Racial solidarity begins with this principle that we are all made in the image and likeness of God. It's a positive approach. It's not based on any previous tension or accusation. We all share the same starting point – His image – and let's ask questions about what it is that divides us.

Also, racial reconciliation doesn't quite go deep enough in terms of interrogating and asking some of "those" questions. What we've seen since the 1970s is that racial reconciliation has generally been viewed within the context of white evangelicals trying to reconcile primarily, almost exclusively, with African-Americans. What that has done is not rightly address questions such as power. So, you could have a racially reconciled context but still have a power dynamic that still has to be addressed.
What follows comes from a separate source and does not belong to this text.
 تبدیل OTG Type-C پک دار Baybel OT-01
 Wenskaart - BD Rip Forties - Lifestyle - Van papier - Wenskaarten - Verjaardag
If we focus on reconciling on the basis of race, we miss some of the other intersections that actually divide people, like class, power, authority and issues of leadership. So, racial solidarity is a new way of helping us understand that what divides us includes, not simply past tensions, but also present disparities as it relates to power, social location, who makes decisions in organizations, etc.

CP: Is there anything interesting you learned in the process of editing the book?

Bradley: Yes. There were two things that really surprised me. One, that minorities don't talk to each other much. Asian-Americans, Hispanics and African-Americans actually don't talk to each other at all about these issues. They often are siloed into their own conversations about these issues, mainly with the majority culture. So, it's fascinating to engage everyone in one another's work and see the richness of a discussion that's actually among minorities.

Secondly, I was intrigued by many of the ways the black experience, the Hispanic experience and the Asian-American experience had some unique components, but also some components that they all had in common.

CP: Anything else you would like to add?

Bradley: This book is highly provocative, because some of the proposals that will be made will actually challenge, in a good way, the prevailing narrative about what multi-ethnicity and diversity could actually look like in the future. The book is going to really press the envelope in terms of thinking about our cultural intelligence, which I believe is a major source of why we haven't been able to move forward. It is our lack of cultural intelligence that has prevented us from making the kind of headway that I think evangelicals want to make.

I would say the big gem in the book is that it is not simply a bunch of minorities who are angry. They are not ranting about their experience. They are simply telling their story and offering really positive, hopeful solutions – real solutions that various evangelical leaders in various contexts can begin to apply.

The book is very application centric, which is something that is often lost in the discussion. We often simply want to discuss the issues and are left with the, "well now what?" Well, this book is designed to give the "now what."

One of the reasons that I put the project together is, for several years now, as I have spoken about these issues across the country, I often get the same set of questions: How do we diversify our local church? Our denomination? Our college? I always get asked for resources on those questions and that's what really helped me design the book the way I did – to provide people one place where they can get some of those questions answered and help them develop imaginative solutions that fit their local context.